Module 1.2: Docker Fundamentals

Complexity: [MEDIUM] - Hands-on practice required

Time to Complete: 45-50 minutes

Prerequisites: Module 1 (What Are Containers?)


After this module, you will be able to:

  • Build a Docker image from a Dockerfile and explain what each instruction does
  • Run containers with port mapping, environment variables, and volume mounts
  • Debug a failing container by reading logs and exec-ing into it
  • Explain the image layer system and why layer ordering matters for build speed

Docker is the most common tool for building container images. Even though Kubernetes doesn’t use Docker as its runtime anymore, Docker remains the standard for:

  • Building container images
  • Local development
  • Testing and debugging

You need “just enough” Docker to understand Kubernetes—not Docker mastery.


Terminal window
# Install Docker Desktop
# Download from https://docker.com/products/docker-desktop
# Or use Homebrew:
brew install --cask docker
Terminal window
# Official installation
curl -fsSL https://get.docker.com -o get-docker.sh
sudo sh get-docker.sh
sudo usermod -aG docker $USER
# Log out and back in for group changes
Terminal window
docker --version
# Docker version 29.x.x, build xxxxx
docker run hello-world
# Should show "Hello from Docker!" message

Pause and predict: When you run the command below, what happens if port 8080 on your host machine is already in use by another application? The command will fail because Docker cannot bind to an already occupied host port.

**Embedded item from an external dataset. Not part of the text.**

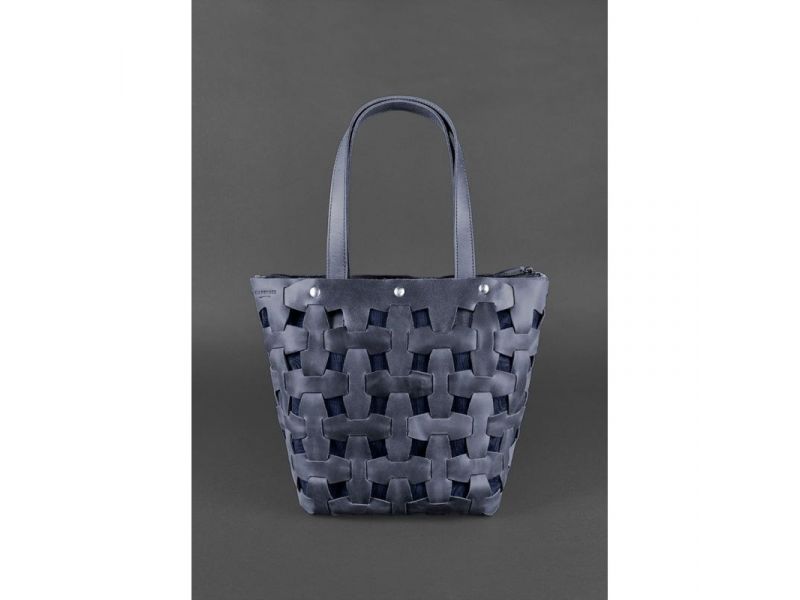 Кожаная плетеная женская сумка Пазл L синяя Crazy Horse, фото 2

You would need to choose a different host port, like -p 8081:80.

Terminal window
# Run nginx (a web server)
docker run -d --name my-nginx -p 8080:80 nginx
# What happened:
# - Pulled nginx image from Docker Hub
# - Created a container from the image
# - Started the container in detached mode (-d)
# - Named the container "my-nginx" (--name)
# - Mapped port 8080 (host) to port 80 (container)
Terminal window
# Test it
curl http://localhost:8080
# Returns nginx welcome page HTML
# View running containers
docker ps
# CONTAINER ID IMAGE COMMAND STATUS PORTS NAMES
# a1b2c3d4e5f6 nginx "/docker-entrypoint.…" Up 10 seconds 0.0.0.0:8080->80/tcp my-nginx
# Stop the container
docker stop my-nginx
# Remove the container
docker rm my-nginx

Terminal window
# Run a container
docker run [OPTIONS] IMAGE [COMMAND]
# Common options:
docker run -d nginx # Detached (background)
docker run -it ubuntu bash # Interactive terminal
docker run -p 8080:80 nginx # Port mapping
docker run -v /host/path:/container/path nginx # Volume mount
docker run --name myapp nginx # Named container
docker run -e MY_VAR=value nginx # Environment variable
docker run --rm nginx # Remove when stopped
# Container management
docker ps # List running containers
docker ps -a # List all containers
docker stop CONTAINER # Stop gracefully
docker kill CONTAINER # Force stop
docker rm CONTAINER # Remove stopped container
docker rm -f CONTAINER # Force remove (stop + rm)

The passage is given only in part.